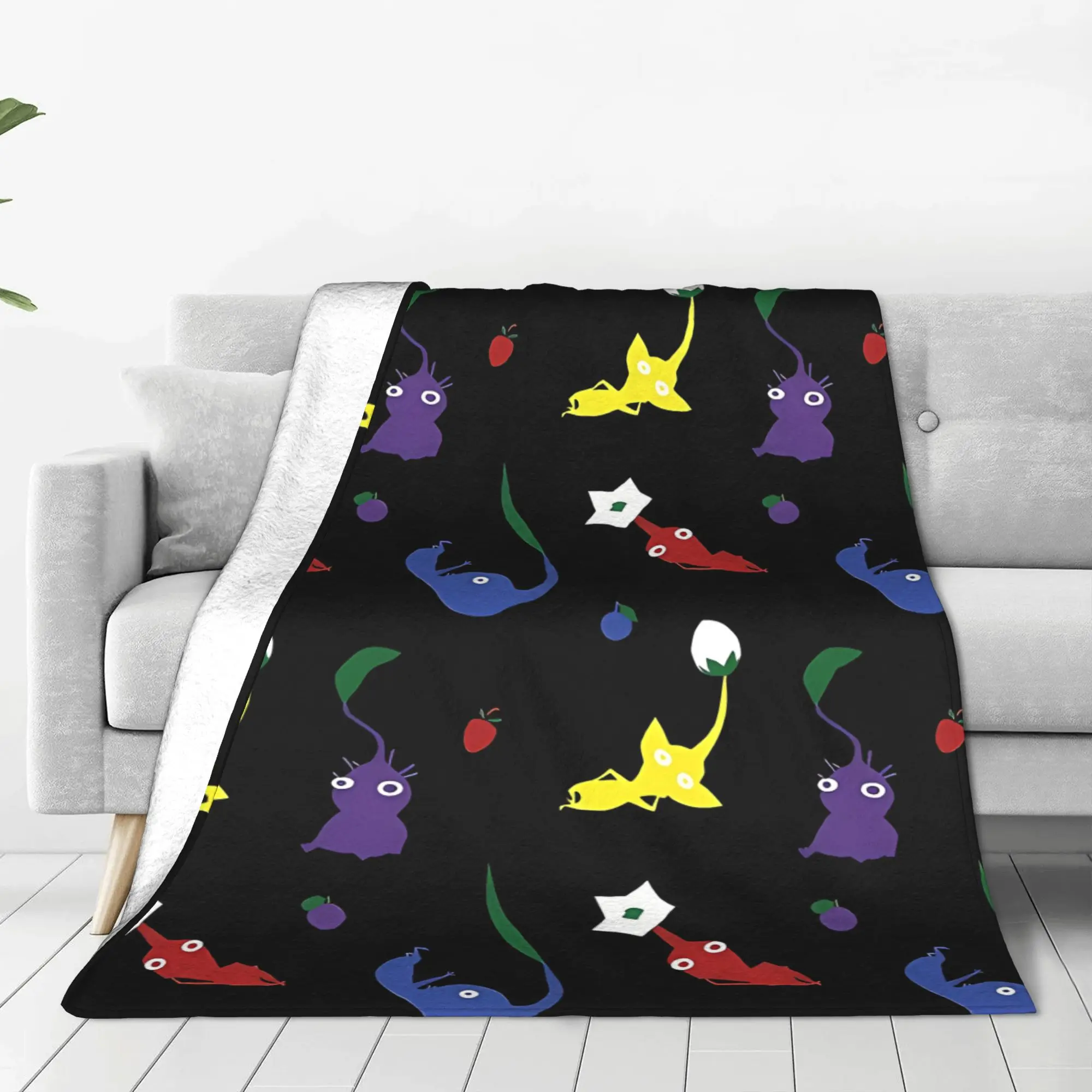 1PC Home Cutecore Pik Pattern! Pikmin Blanket Super Cosy Plush Home Living Room Sofa Halloween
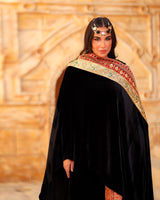 Sutra Kaftan - سترة. Black Velvet with Indian Embroidery. Moroccan Inspired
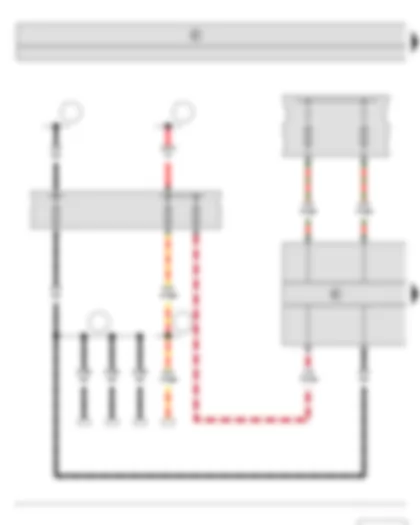 Wiring Diagram  SKODA FABIA II 2011 - ABS control unit - Fuse holder A - Fuse holder B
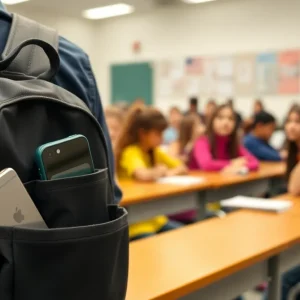Students in a classroom focused on learning without mobile devices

------------------------------------------------------------

*Task directions*. Once the pictures have been removed, reproduce each line of the material above exactly.

*Answer space*.
 1PC Home Cutecore Pik Pattern! Pikmin Blanket Super Cosy Plush Home Living Room Sofa Halloween
 Sutra Kaftan - سترة. Black Velvet with Indian Embroidery. Moroccan Inspired
 Wiring Diagram  SKODA FABIA II 2011 - ABS control unit - Fuse holder A - Fuse holder B
Students in a classroom focused on learning without mobile devices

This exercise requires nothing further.